The Credit Risk Perspective
This financing boom occurs against a backdrop of broader credit market concerns. UBS credit strategist Matthew Mish has analyzed a potential rapid, severe AI disruption scenario that could trigger a credit crunch. The scenario projects significant default rate increases in high-yield bonds (3-6%), leveraged loans (8-10%), and private credit (14-15%), with spreads widening substantially.
“Investors increasingly want to talk about AI disruption and our tail risk scenario: a rapid, severe AI disruption,” Mish noted. While this isn’t UBS’s baseline scenario, it highlights how financial markets are beginning to price in the potential volatility of the AI investment boom.
The Business Reality Check
Despite these risks, the AI compute race shows no signs of slowing. Nvidia’s Huang argues that compute investments will soon bring revenue: “In this new world of AI, compute is revenue. Without compute, there’s no way to generate tokens. Without tokens, there’s no way to grow revenues.”

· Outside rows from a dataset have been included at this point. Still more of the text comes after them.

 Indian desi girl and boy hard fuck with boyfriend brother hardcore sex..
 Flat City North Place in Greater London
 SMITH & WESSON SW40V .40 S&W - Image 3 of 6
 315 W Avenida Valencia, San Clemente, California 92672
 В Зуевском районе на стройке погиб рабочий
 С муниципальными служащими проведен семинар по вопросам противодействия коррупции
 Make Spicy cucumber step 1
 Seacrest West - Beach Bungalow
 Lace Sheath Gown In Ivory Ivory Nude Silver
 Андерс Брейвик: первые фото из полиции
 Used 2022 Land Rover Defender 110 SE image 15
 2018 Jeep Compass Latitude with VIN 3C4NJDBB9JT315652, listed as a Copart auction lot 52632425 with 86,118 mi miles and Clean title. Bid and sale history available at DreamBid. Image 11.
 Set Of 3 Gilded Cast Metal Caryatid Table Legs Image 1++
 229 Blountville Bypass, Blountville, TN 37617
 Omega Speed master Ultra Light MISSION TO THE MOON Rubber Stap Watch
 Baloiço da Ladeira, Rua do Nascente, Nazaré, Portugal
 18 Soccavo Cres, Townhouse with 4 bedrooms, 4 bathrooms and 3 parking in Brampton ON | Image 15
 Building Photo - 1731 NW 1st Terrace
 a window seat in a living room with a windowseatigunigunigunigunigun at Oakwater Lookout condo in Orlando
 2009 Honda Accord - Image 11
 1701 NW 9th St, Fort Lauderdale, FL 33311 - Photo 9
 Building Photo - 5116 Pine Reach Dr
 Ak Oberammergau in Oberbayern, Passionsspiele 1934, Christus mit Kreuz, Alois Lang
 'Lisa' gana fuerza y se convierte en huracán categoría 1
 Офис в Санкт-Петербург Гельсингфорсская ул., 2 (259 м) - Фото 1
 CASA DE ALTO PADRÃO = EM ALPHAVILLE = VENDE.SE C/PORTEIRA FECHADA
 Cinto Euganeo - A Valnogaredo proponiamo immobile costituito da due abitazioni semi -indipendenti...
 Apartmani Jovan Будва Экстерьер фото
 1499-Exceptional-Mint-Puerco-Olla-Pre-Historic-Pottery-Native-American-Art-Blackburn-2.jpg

But the question remains: Are tech companies and their financiers building sustainable infrastructure or creating a bubble of rapidly depreciating assets? The answer may determine not just which companies win the AI race, but how the entire financial ecosystem supporting this technological revolution weathers the inevitable waves of innovation and obsolescence.
As one investor put it when discussing GPU lifespan concerns: “We really want to ensure the GPUs’ useful life well exceeds the amortised period of our investment.” In an industry where technological advancement happens at breakneck speed, that’s becoming an increasingly difficult promise to keep – and an increasingly expensive bet to make.